Man and His Endless Jnani Quest
You see, occasionally English lacks the mot juste -- mot juste being another -- to describe certain things, including spiritual realities. And even if we did have such a word, it would probably be saturated by now, which is where our sacred wordplay, or punnishantics, come in, so as to remystify the language. In short, it helps us keep the good news new and our nous to the groundstone.
According to Purcell, there is a universal Quest "that summons all true human beings to the heart of the human mystery." Are "quest" and "question" etymologically related? I don't know, but Purcell says that we are not the answers, nor is "the source of the summons even... clear to us." In short, there is no self-sufficient explanation for the mystery of man and his wonderlust about the Mystery.
To back up a bit, if you don't recognize that man -- i.e., your existence -- is a mystery, then you are dismissed. You are way beyond -- or before -- my capacity to help you aggravate the mystery or shed any further obscurity on matters.
In a letter, Dostoyevsky wrote that "Man is a mystery. One must solve it.... I occupy myself with this mystery because I want to be a man" (in Purcell).
Isn't that a bit t-t-tautologous? Man is a mystery, but the pursuit of this mystery is somehow intrinsic to what it means to be a man. You're a mystery, Mister O! And the worst thing you can do is perform a mysterectomy on yourself. Rather, leave it to the experts: the tenured.
Now, you might suppose that a standard autobiography is a kind of transparent plunge into the mystery, but that approach usually leads nowhere if it fails to link up with the Source. In other words, the individual self is literally a kind of inexhaustible mystery, but this "inexhaustibility" provides a clue to the Big Mystery, since man is a kind of "finite infinitude" which mirrors the infinite infinitude of O.
Therefore, if you imagine that your bullshit will ever run dry, you're only fooling yourself. You'll never find God that way, because you're already in the ocean searching for water.

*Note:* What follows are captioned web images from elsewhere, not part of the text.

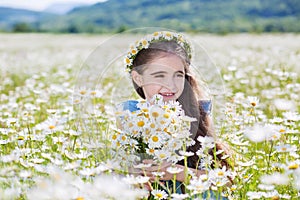 Cute little smiling girl in the chamomile field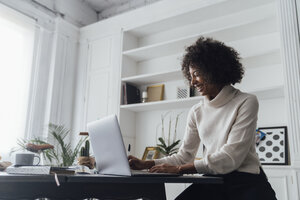 Mittlere erwachsene Frau, die in ihrem Heimbüro arbeitet und einen Laptop benutzt - BOYF00901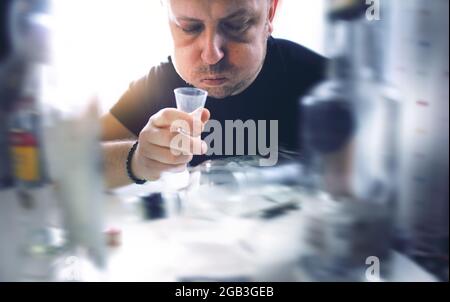 Destroyed by alcohol and addicted, the man drinks alcohol alone Stock Photo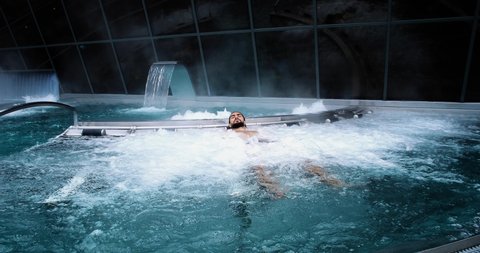 Man relaxing in a spa, he is lying in the water. Perfect leisure activity in winter holidays 4K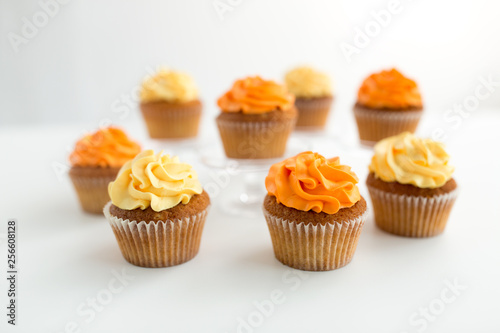 food, pastry and confectionery concept - cupcakes with buttercream frosting over white background
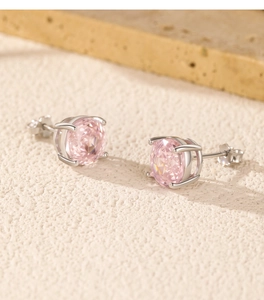 Detailed shot of S925 sterling silver stud earrings with round pink rose-cut stones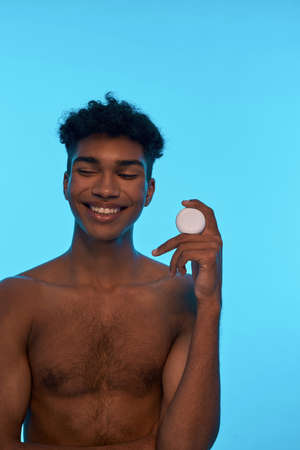 Young black guy holding and showing dental flossの写真素材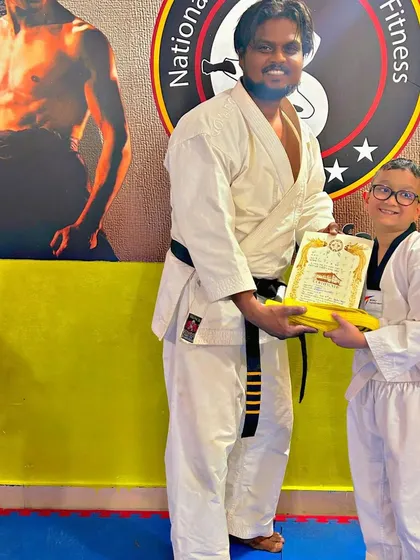 This student is happy to receive his yellow belt certificate, marking his progress in Taekwondo.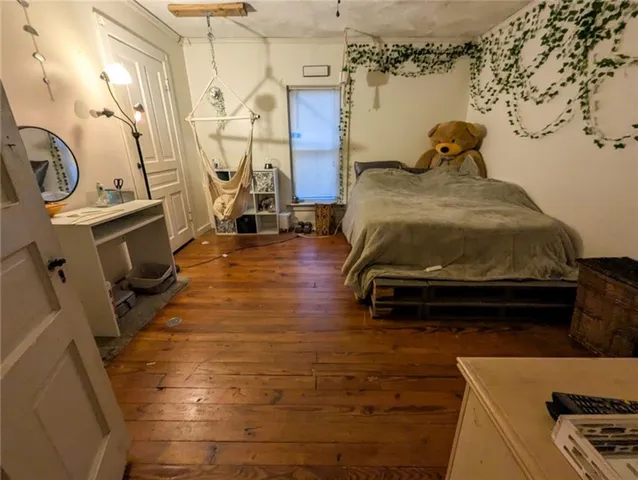 a bedroom with table and chairs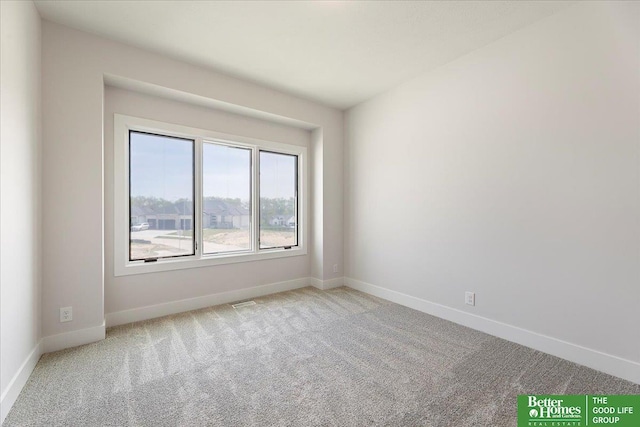 spare room featuring baseboards and carpet floors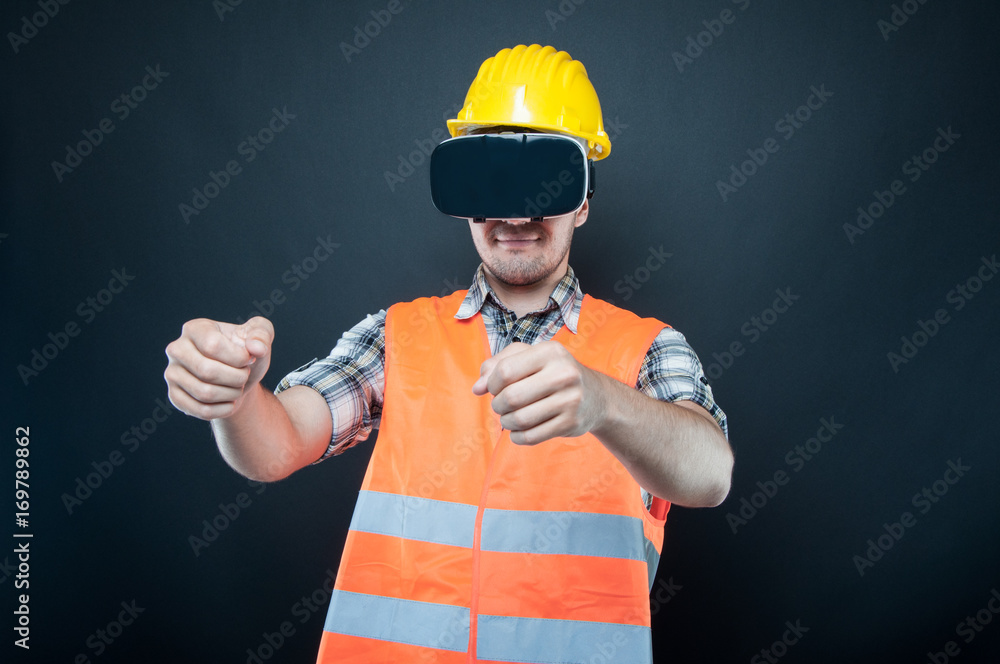 Constructor wearing vr goggles gesturing driving car Constructor wearing vr goggles gesturing driving car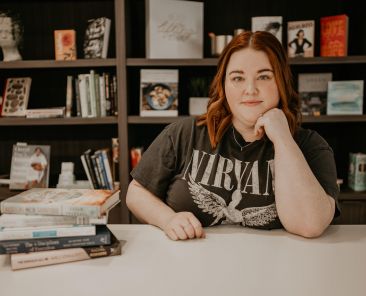 Brittney Mason sitting at a desk with a pile of books on the left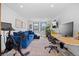 Cozy living room with a workspace featuring an L-shaped blue sofa and a large window for natural light at 4454 Utica St, Denver, CO 80212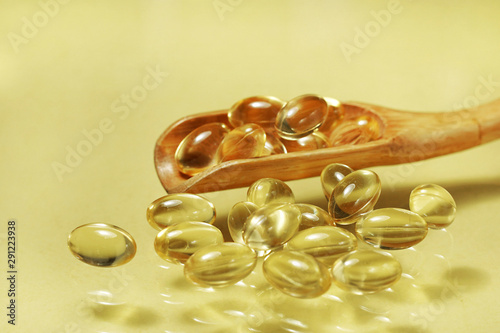 fish oil capsules isolated on yellow background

Now that it is understood that man is embedded in a cosmic drama extending back no less than 13.85 billion years -- that History is much longer than anyone ever supposed -- it is frankly impossible to write a comprehensive autobiography without taking into consideration, say, the big bang, the evolution of life, and the emergence of human consciousness; and on a more micro level, one's prelinguistic development (before the age of five), which is itself a vast undiscovered country, an infinite ground in its own way.
By which I mean that if we are deprived of certain ground-floor experiences during this sensitive period, our quest for the Ground will be compromised later in life. The psychoanalyst Michael Balint wrote of the "basic fault" (as in "fault line"), which can even be seen as one way in which man perpetuates his ancestral Fall from generation to generation. A person haunted by the Basic Fault often spends his life in pursuit of what might be called "dark mysteries," or thrilling perversions and secret compulsions of various kinds.

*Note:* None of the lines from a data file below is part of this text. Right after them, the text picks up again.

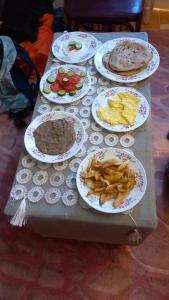 a table with plates of food on it at charming nubian guest house in Aswan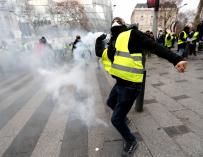 Un manifestante de los chalecos amarillos lanza un objeto a las fuerzas policiales durante una manifestación cerca de los Campos Elíseos en París, Francia, el 8 de diciembre de 2018. (EFE/EPA/IAN LANGSDON)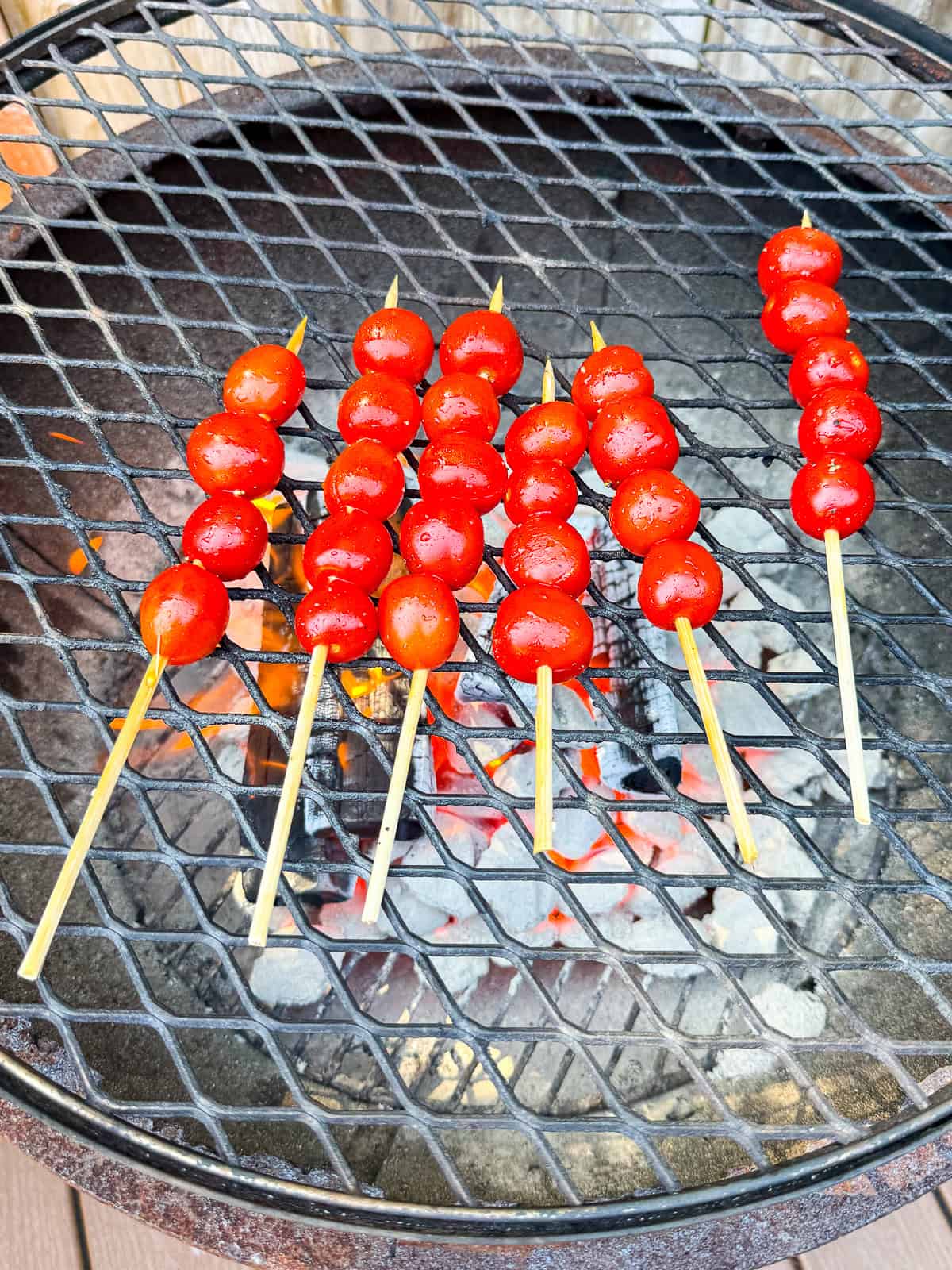 Grill the cherry tomato skewers until lightly charred on all sides.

Pardon the abrupt transition, but I am glad to see another writer tackling the "discontinuity problem" of human beings. In fact, Purcell makes a useful distinction between the fact of evolution and the ideology of "evolutionism," which is analogous to the critical distinction between science and scientism, of which every educated person should be aware.
The dogma of evolutionism maintains that there is no ontological distinction between man and animal, an absurd metaphysic that immediately runs aground for reasons Darwin himself intuited:
"With me, the horrid doubt always arises whether the convictions of man's mind, which has been developed from the mind of the lower animals, are of any value or are at all trustworthy. Would anyone trust the convictions of a monkey's mind, if there are any convictions in such a mind?"
The answer is no, of course not. That being the case, where is the line in nature at which point monkey convictions become reliable and trustworthy? The ideology answers -- and disproves -- itself if one is honest.
Recall that in the Encirclopedia Raccoonica, the individual chapters are so arranged as to be both discontinuous -- i.e., discrete and numbered, just like any other book -- but also continuous and flowing, apparently unlike any other book. This complementarity signifies a number of things, including the ontological discontinuity -- the evolutionary leap, which evolution supposedly cannot do -- of man.
Yes, we are aware of the theory of punctuated equilibrium, but that is merely another attempt at a natural explanation to "save the appearances" of what is clearly a transnatural phenomenon.
One of the themes that runs through From Big Bang to Big Mystery is that human beings "are both continuous with the evolutionary process and discontinuous with it." I for one know exactly what he means when he references Walker Percy's observation that there is "more difference between a human and an animal -- let's say an orangutan -- than between the animal and the planet Saturn."
Everything thus far has been introductory. Details will be filled in as we proceed down this mysterious rabbit hole.